It is clear from AA's description that the location from which he photographed is on a road:
"Clearing Winter Storm came about on an early December day.... I drove to the place known as New Inspiration Point, which commands a marvelous view of the Yosemite valley.... At this location one cannot move more than a hundred feet or so to the left without reaching the edge of the almost perpendicular cliffs above the Merced river. Moving the same distance to the right would interpose a screen of trees or require an impractical position on the road.Moving forward would invite disaster on a very steep slope falling to the east. Moving the camera backward would bring the esplenade and the protective rock wall into the field of view."

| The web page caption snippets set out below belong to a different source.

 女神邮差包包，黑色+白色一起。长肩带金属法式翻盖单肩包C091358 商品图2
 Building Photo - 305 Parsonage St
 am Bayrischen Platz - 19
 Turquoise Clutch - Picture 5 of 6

This description seems to match Tunnel View (http://www.nps.gov/yose/naturescienc...unnel-view.htm) well. The term "esplanade" in particular suggests a paved or tarred area that is not a road, which is what can be seen in the third photograph on the referenced website titled "Visitors take in Yosemite's famous scenery, including of the Valley, from Tunnel View on a summer day in 1940", complete with protective rock wall. The perspective over Yosemite also appears correct. It is easiest to compare perspectives in Yosemite Valley, Summer, Yosemite National Park, c. 1935 (plate 2) since the distant mountains are not obscured and their location relative to the nearer mountains can be compared with the photograph taken from Tunnel View and shown in the web link. However for me the most telling is the location of the light gray areas surrounded by green on the rising slope on the left of the national parks board photograph. These appear almost identically and very clearly in Yosemite Valley, Summer, Yosemite National Park, c. 1935 and quite recognisably, though less clearly, in Clearing Winter Storm. Since this appears in the near middle distance, the locations from which these photographs were taken must be very close.
So I agree that Clearing Winter Storm and the other photographs with the same perspective were in fact taken from Tunnel View. Given the choice, I would also have referred to the location as "New Inspiration Point", and I intend to remember it as such!

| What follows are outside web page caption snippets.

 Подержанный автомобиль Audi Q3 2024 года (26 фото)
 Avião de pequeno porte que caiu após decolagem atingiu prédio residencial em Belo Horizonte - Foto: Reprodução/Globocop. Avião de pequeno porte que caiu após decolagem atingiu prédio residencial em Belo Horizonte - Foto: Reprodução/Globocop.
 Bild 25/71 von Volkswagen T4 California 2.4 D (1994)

[Edit] After writing this, I remembered that I have another similar photograph of the valley: "Fall Storm Over The Yosemite Valley, California" by Galen Rowell. In his write-up, Galen says "I drove to the traditional viewpoint at the Wawona Tunnel and took photographs on a tripod.... When I first projected this image for some photographer friends, one of them said it looked like a negative for Ansel Adams' famous "Clearing Winter Storm" taken in 1940 from the same location. I got out an old Hills Brothers coffee can I had saved that displayed that image as a full-size wraparound. The comparison amazed us because the values were indeed reversed. Adams had photographed a clearing winter storm after most of the snow had melted from the trees .His trees were black; mine were white. His talus slope in front of El Capitan was white; mine was black. His sky was ominous and dark, rendered through a yellow filter; mine was nearly white, because the clouds were lighter than my exposure for the ground." (Mountain Light, p. 63 - my emphasis at "from the same location"). The perspectives do appear very similar, although it is difficult to be sure since Galen's composition uses a wider angle of view than Adams'.